In the world you will have tribulation. But take heart; I have overcome the world.
Tragedy has always been a comfortable distance away throughout my life. However, amidst the pandemic in 2020, my eyes were opened when a friend my age was diagnosed with ALS and a hero lost his 20 year old son. Suddenly, I found it easy to envision how suffering might come for me too.
Theologically, I saw the trials and afflictions others faced as a shadow of what will come sooner or later, but only from the perspective as an outsider looking in. I knew I wasn’t immune to the realities of a fallen world. Jesus said so in John 16:33, “I have said these things to you, that in me you may have peace. In the world you will have tribulation. But take heart; I have overcome the world.”
Would the low-grade, everyday hardships be my only difficulties in life? At 35, I was not afflicted by suffering in a personal way. I was busy being a husband, a father to 3 young boys and pursuing an upwardly mobile life through a recent promotion.
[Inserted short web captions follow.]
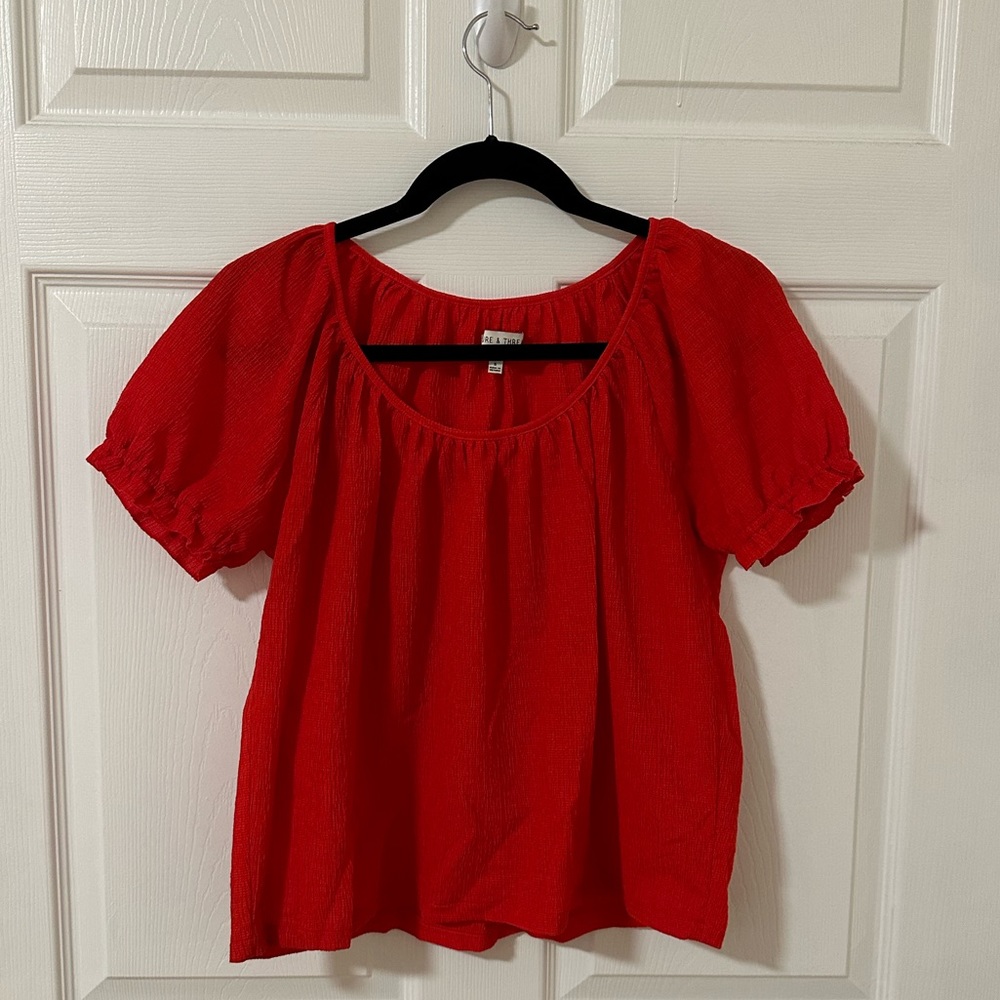 Texture & Thread Peasant Top - Red - Picture 7 of 7
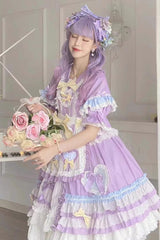 Purple Star Sugar Short Sleeves Multi-layer Ruffle Bowknot Sweet Lolita Dress - Product - 5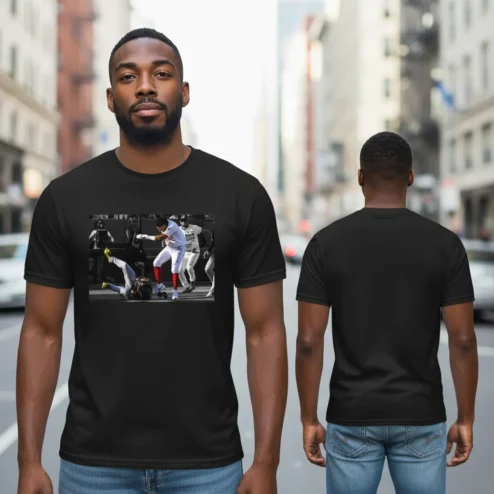 Dramatic Baseball Action Scene Graphic Tee Sporty Game Day Shirt for Men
I have a full life to live, a family to raise, a God to serve!
Then, the tidal wave of suffering came straight at me. After an abrupt, traumatic surgery, I was told unimaginable news. I had brain cancer and there is no known cure. My life would likely be painful and shortened by this terrible disease. There's not even a category of remission for this diagnosis.
Where can I turn? Will my life ever be the same? What will happen to my family? Questions mounted and fears of the future were suffocating. The perception others had of a man with “strong faith” started to look a lot more like flimsy self-reliance.
Comforts are hard to come by and when they do, sift through my fingers like sand. The only surety I had was my situation was uncertain. I look at my boys now and long to be present throughout their lives. This season truly revealed how much I “rely on myself.” Can all my dreams and desires be swept away through this storm?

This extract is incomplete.